Téléculture. Dissertation légère et enlevée

Je sens que vous mourrez d’envie que je vous fasse un petit point sur la représentation de la culture à la télé, pas vrai ? Bon, ok, puisque vous insistez. Comme je suis étudiant, j’annonce mon plan. Alors voilà. Il y aura une première partie, puis une troisième, mais entre les deux, s’intercalera une autre, que l’on pourrait nommer deuxième, c’est du moins ma proposition, je ne sais pas si je me fais comprendre. Je ne sais pas non plus s’il y aura une conclusion. En tout cas, cette phrase-ci termine l’introduction, d’après mes calculs.

 

1. L’anticulture

Dixit Lesly du Loft (attention, le « de » n’est pas une particule de noblesse) : « Moi, j’ai pas fait l’ENA, mais ça n’empêche, je suis quand même formidablement intelligente, et je l’ai montré » (je devais pas être devant là télé à ce moment crucial où Lesly a ouvert sa coquille de noix pour dévoiler le ver).

Dixit le Bigdil, « comme quoi, on n’a pas besoin d’être à bac+3 pour comprendre la vie ».
Dixit les greluches à C’est mon choix, « Moi, j’ai pas fait d’études, mais n’empêche, le ver de terre qui peuple ma tête a déjà atteint une taille conséquente ! »

Et ? Rien que ça, où l’enseignement scolaire passe pour être la culture, où donc l’on voit que tous les gens qui n’ont pas lu Bourdieu ni rien d’autre confondent, sans scrupule, une chose qu’ils n’ont pas avec une autre qu’ils n’ont pas non plus, mais que Bourdieu et les autres savent bien distinctes ; où l’on voit que la culture n’est saisie que comme signe de supériorité sociale, vécue comme ignominie du faible, et retournée par le faible dans son désir de vengeance sur le fort.

 

2. L’info à la place de la culture

100% questions. Question pour un vieux beauf. QI. Qui veut gagner des briques. Le Maillet faible.

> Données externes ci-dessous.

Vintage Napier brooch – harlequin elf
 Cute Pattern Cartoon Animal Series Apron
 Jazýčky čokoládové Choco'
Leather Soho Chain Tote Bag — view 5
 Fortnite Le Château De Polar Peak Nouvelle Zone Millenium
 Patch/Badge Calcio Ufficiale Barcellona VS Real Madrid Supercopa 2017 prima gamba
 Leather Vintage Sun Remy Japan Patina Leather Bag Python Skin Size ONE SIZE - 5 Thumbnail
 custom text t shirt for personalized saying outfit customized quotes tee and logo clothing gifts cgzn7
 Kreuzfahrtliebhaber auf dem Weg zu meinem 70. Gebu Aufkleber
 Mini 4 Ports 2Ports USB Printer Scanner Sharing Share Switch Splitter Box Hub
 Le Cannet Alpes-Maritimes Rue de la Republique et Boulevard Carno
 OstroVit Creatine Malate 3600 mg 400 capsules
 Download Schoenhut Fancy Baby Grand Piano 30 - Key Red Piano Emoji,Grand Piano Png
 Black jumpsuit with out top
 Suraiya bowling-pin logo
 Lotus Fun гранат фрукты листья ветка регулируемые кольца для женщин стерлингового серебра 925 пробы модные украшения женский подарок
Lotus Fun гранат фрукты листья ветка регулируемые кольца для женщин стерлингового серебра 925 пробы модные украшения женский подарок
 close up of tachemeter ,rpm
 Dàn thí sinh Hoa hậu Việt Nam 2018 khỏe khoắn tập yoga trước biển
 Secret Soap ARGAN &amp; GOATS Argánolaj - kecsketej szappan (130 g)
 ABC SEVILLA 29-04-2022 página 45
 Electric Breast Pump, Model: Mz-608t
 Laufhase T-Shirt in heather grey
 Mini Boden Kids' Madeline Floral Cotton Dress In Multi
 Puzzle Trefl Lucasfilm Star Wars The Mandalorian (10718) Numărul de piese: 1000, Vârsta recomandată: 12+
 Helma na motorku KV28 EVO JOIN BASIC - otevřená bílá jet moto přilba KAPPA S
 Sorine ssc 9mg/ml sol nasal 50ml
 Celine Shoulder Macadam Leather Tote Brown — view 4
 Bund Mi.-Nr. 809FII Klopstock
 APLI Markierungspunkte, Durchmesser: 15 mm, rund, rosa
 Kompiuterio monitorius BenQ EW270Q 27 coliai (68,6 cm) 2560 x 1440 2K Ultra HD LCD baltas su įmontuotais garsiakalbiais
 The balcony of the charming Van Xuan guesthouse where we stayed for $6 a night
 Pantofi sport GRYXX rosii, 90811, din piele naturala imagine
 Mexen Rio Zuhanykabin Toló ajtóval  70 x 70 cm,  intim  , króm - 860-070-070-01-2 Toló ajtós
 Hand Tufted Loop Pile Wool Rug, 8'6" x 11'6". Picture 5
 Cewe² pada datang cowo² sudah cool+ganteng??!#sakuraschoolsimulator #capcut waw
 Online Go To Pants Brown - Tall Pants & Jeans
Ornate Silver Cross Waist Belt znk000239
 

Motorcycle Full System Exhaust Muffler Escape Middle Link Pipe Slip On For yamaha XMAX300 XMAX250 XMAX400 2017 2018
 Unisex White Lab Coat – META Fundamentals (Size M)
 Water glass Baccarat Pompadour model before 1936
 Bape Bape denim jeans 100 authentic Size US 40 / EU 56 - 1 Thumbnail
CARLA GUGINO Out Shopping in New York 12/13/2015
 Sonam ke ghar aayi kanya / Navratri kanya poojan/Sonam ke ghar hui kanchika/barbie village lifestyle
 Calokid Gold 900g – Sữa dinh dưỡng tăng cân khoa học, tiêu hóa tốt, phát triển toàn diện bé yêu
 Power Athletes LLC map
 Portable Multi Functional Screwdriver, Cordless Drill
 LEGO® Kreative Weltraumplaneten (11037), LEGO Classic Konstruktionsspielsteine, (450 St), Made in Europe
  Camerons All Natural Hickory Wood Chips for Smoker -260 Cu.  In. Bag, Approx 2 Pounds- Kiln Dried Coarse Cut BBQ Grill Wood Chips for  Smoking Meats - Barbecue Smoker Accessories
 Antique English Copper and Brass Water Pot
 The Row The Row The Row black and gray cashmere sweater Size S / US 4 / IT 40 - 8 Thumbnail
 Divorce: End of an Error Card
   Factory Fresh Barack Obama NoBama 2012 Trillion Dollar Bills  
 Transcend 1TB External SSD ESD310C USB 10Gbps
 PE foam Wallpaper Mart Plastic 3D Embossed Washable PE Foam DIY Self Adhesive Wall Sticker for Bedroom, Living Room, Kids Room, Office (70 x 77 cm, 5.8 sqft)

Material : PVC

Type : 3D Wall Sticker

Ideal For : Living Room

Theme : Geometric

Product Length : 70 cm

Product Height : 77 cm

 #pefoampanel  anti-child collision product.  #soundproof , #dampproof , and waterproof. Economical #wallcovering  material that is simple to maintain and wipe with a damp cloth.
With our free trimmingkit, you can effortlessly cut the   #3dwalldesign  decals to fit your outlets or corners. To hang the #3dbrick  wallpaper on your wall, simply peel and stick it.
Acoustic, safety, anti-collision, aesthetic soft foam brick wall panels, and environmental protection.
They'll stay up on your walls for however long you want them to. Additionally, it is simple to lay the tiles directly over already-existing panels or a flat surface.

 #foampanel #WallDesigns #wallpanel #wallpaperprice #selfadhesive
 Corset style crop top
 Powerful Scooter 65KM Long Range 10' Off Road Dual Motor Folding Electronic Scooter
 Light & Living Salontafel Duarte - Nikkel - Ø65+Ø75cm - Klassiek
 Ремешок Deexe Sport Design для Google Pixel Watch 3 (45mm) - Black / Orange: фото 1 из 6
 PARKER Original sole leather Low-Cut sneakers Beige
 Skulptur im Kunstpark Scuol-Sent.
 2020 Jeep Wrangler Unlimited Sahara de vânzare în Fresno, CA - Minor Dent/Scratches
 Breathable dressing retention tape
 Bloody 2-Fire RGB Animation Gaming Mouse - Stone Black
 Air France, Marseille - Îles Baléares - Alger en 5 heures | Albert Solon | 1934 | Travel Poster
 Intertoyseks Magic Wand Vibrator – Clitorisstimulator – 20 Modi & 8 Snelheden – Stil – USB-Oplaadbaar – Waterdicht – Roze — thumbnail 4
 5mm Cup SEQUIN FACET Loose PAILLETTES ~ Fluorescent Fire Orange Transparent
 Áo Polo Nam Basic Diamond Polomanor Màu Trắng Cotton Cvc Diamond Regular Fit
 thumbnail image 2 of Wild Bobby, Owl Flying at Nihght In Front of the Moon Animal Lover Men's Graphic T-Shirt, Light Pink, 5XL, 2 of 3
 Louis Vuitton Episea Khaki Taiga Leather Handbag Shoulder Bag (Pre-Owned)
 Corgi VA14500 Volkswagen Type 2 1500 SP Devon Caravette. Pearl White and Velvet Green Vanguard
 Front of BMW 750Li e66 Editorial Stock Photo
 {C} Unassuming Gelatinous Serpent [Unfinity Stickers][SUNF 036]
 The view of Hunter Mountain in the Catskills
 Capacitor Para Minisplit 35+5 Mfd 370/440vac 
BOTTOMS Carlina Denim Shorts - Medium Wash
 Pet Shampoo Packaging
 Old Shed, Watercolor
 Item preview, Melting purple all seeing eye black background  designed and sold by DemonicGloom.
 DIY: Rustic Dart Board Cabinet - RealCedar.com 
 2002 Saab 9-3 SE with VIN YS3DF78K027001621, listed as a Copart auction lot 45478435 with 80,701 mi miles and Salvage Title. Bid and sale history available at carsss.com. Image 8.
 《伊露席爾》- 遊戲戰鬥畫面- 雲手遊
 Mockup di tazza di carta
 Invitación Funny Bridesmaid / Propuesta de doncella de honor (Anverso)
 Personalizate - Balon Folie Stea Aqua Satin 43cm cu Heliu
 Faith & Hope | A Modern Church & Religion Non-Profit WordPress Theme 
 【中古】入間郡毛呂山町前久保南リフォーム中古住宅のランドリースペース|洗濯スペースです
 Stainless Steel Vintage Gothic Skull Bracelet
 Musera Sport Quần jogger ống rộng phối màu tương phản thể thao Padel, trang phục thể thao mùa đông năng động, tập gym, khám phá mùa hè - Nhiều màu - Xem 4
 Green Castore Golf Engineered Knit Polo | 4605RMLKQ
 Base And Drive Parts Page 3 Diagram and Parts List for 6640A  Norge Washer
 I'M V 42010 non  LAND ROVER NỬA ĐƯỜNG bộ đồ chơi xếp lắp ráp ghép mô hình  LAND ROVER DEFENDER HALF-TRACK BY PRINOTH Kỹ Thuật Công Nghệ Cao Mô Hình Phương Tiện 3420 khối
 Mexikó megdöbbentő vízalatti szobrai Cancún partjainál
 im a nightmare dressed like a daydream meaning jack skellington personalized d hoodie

Où la culture passe pour une information à apprendre par cœur et recracher telle quelle, un moyen de l’emporter sur autrui et de s’enrichir ; un document secondaire à localiser (et non, comme il se devrait, à replacer de façon adéquate dans un raisonnement) ; bon, c’est qui le roi français du Moyen-âge qui est mort après s’être cogné la tronche dans sa cave ? Bon, compléter le proverbe, Qui veut la fin veut les… ? Bon, qui a découvert la radioactivité, hum ? Bon, est-ce que la connaissance est une partie de Trivial poursuit, répondez par oui ou non, vous avez 5 secondes.

 

3. La culture écran

Emissions culturelles – métropolis, Vol de nuit, émissions littéraires etc.

Où la culture cette fois passe un peu mais toujours comme document secondaire, toujours avec un écran devant. L’interview avec l’écrivain remplace la lecture et le texte (mais là c’est pareil partout, il faut des écrivains, mais on n’a pas besoin des textes), l’entretien filmé avec le cinéaste remplace ses images, ou aussi bien (émissions-reportages style Métropolis), d’infimes fragments des œuvres (ainsi, un travelling à faire vomir sur une page de texte, pour dire en somme qu’il y a du texte, bien qu’on n’en puisse rien lire ; un zoom très fort sur un détail de tableau, pour dire que la peinture se vend encore, et on ne verra jamais le tableau en entier (ou ils mettront un filtre rouge par-dessus pour bien saper la couleur…) remplacent leur intégralité / intégrité.

 

4. La vraie culture

Où l’on voit enfin, ouf, ah, de la culture primaire, avec le vrai gars et la vraie œuvre, dans des émissions (toutes sur Arte) comme :

Le dessous des cartes (géopolitique)
Palettes (peinture)
Contact (photographie)
Danse et Musica.

Manque toujours une vraie émission littéraire, qui serait de la radio, où on lirait des textes.

 

5. Des hommes libres

En fait, la culture est très présente à la télé, mais toujours sous une forme détournée : comme élément dans le discours du faible, comme parodie en tant qu’information par-cœur sur le mode scolaire (ces crétins croient encore que la culture est celle du banc de l’école…), comme démonstration fragmentaire substituant l’auteur ou la partie de l’œuvre à l’œuvre.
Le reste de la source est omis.